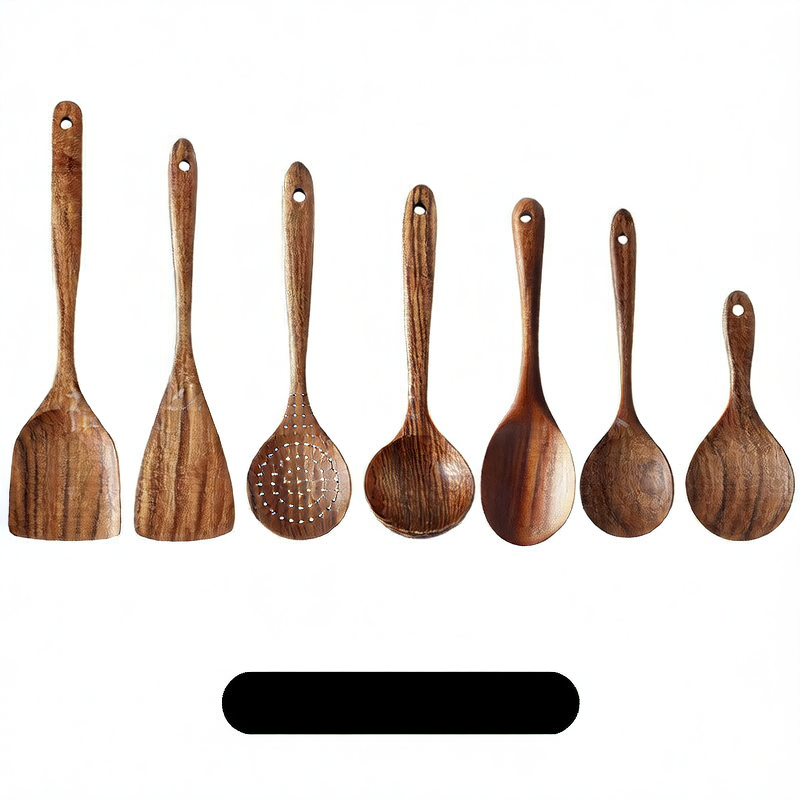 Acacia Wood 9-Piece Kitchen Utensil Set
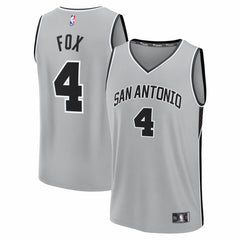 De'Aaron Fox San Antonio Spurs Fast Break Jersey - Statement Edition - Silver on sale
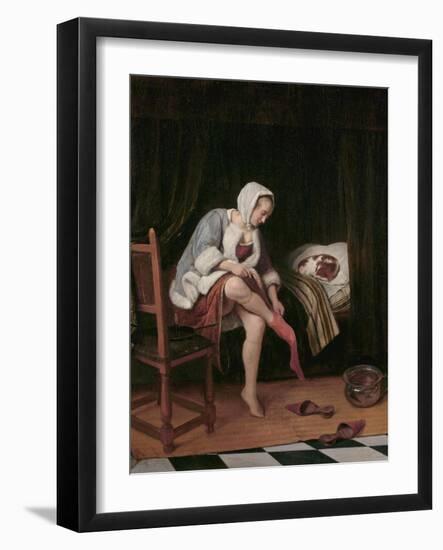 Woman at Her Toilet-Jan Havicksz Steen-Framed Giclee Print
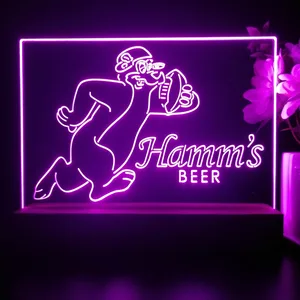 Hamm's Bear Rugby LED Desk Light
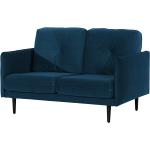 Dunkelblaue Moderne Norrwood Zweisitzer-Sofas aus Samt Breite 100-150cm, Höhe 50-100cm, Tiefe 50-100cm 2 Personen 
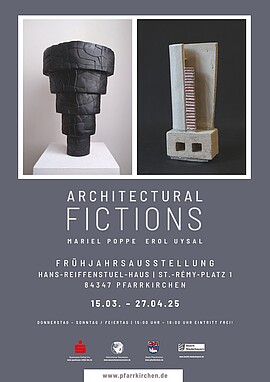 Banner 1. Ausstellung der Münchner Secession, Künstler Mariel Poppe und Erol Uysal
====
» What you will do
For this copy, leave pictures out and reproduce the lines from the one bearing "Woman at Her" through the final line of the listing above, both ends included.

» Expected output
 Woman at Her Toilet-Jan Havicksz Steen-Framed Giclee Print
 Hamm's Bear Rugby LED Desk Light
 Dunkelblaue Moderne Norrwood Zweisitzer-Sofas aus Samt Breite 100-150cm, Höhe 50-100cm, Tiefe 50-100cm 2 Personen 
 Banner 1. Ausstellung der Münchner Secession, Künstler Mariel Poppe und Erol Uysal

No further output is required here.